◆ Dataset records ◆
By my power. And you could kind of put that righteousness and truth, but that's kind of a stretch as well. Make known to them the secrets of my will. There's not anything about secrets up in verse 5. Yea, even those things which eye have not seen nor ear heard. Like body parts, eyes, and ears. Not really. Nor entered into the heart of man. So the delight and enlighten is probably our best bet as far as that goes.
--
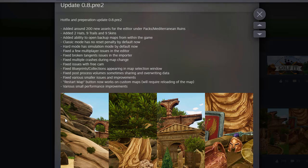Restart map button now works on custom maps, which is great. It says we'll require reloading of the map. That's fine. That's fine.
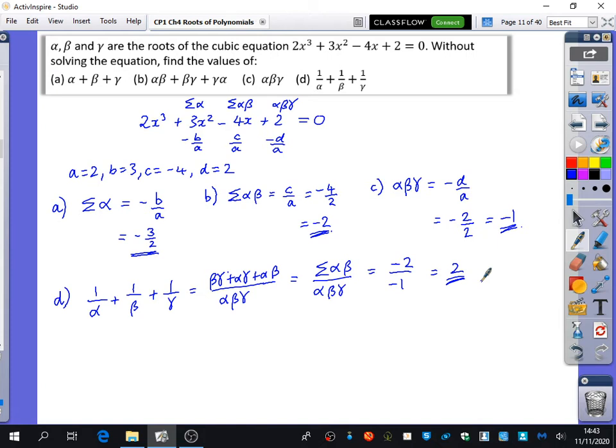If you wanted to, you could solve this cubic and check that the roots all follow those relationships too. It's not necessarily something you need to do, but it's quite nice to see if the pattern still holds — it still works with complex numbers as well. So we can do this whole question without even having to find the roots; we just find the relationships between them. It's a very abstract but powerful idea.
==
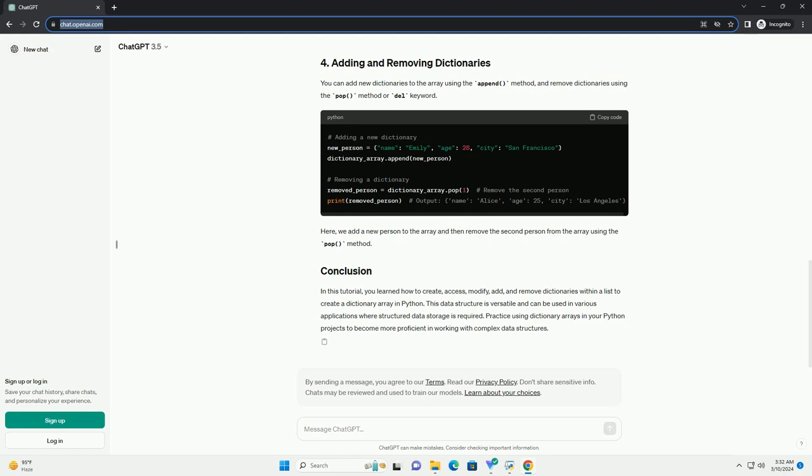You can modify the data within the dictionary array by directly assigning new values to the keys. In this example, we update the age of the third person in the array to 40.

◆ What you are asked to do ◆
Exact copy, pictures excluded: every line above from the one containing "Restart map button" to the one containing "If you wanted", inclusive, and nothing more.

◆ Solution ◆
Restart map button now works on custom maps, which is great. It says we'll require reloading of the map. That's fine. That's fine.
If you wanted to, you could solve this cubic and check that the roots all follow those relationships too. It's not necessarily something you need to do, but it's quite nice to see if the pattern still holds — it still works with complex numbers as well. So we can do this whole question without even having to find the roots; we just find the relationships between them. It's a very abstract but powerful idea.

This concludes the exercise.